Um veto e uma Medida Provisória impedem a transferência imediata dos recursos

Por Bruno Carazza

 

Bolsonaro sancionou ontem (29/06/2020) a Lei nº 14.017, também conhecida como “Lei Aldir Blanc”, que determina o repasse de R$ 3 bilhões a Estados e municípios para apoiarem o setor cultural. Um veto e uma medida provisória publicados logo em seguida, no entanto, podem fazer com que o dinheiro demore a chegar aos artistas.
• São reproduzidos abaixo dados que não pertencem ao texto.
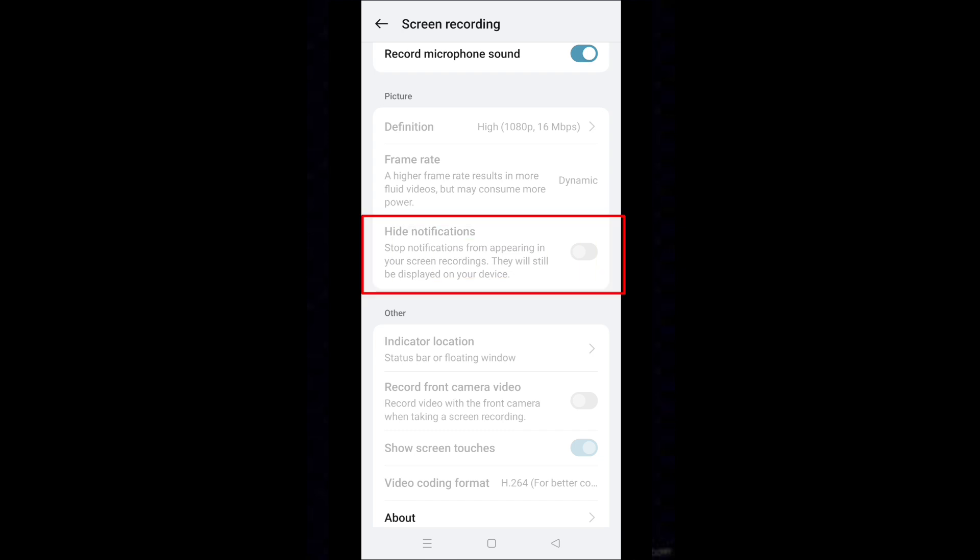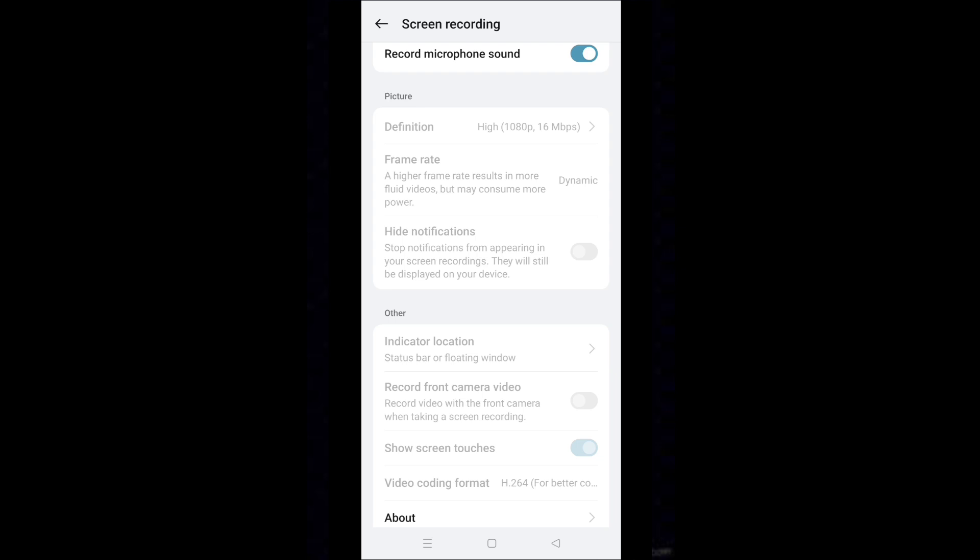Turn on Hide Notifications. This setting is currently grayed out on my phone because I am doing screen recording. This setting says stop notifications from appearing in your screen recording. They will still be displayed on your device.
Segundo a Lei nº 14.017, a União repassará R$ 3 bilhões para que Estados e municípios socorram o setor cultural, um dos mais afetados pela pandemia. O valor será dividido segundo a participação do ente nos Fundos de Participação e o tamanho da população.

Estados e municípios poderão aplicar o dinheiro em:

i) 3 parcelas de R$ 600 para os profissionais do setor que não receberam o auxílio emergencial;

ii) Subsídio mensal de R$ 3 mil a R$ 10 mil para espaços culturais, micro e pequenas empresas do setor e instituições culturais comunitárias; e

iii) editais, prêmios e aquisição de bens vinculados ao setor cultural para a manutenção dos espaços.

Instituições financeiras federais também poderão disponibilizar a pessoas físicas e MPEs do setor cultural linhas de crédito especiais, com pagamento parcelado em 36 meses, carência de 180 dias e taxa Selic.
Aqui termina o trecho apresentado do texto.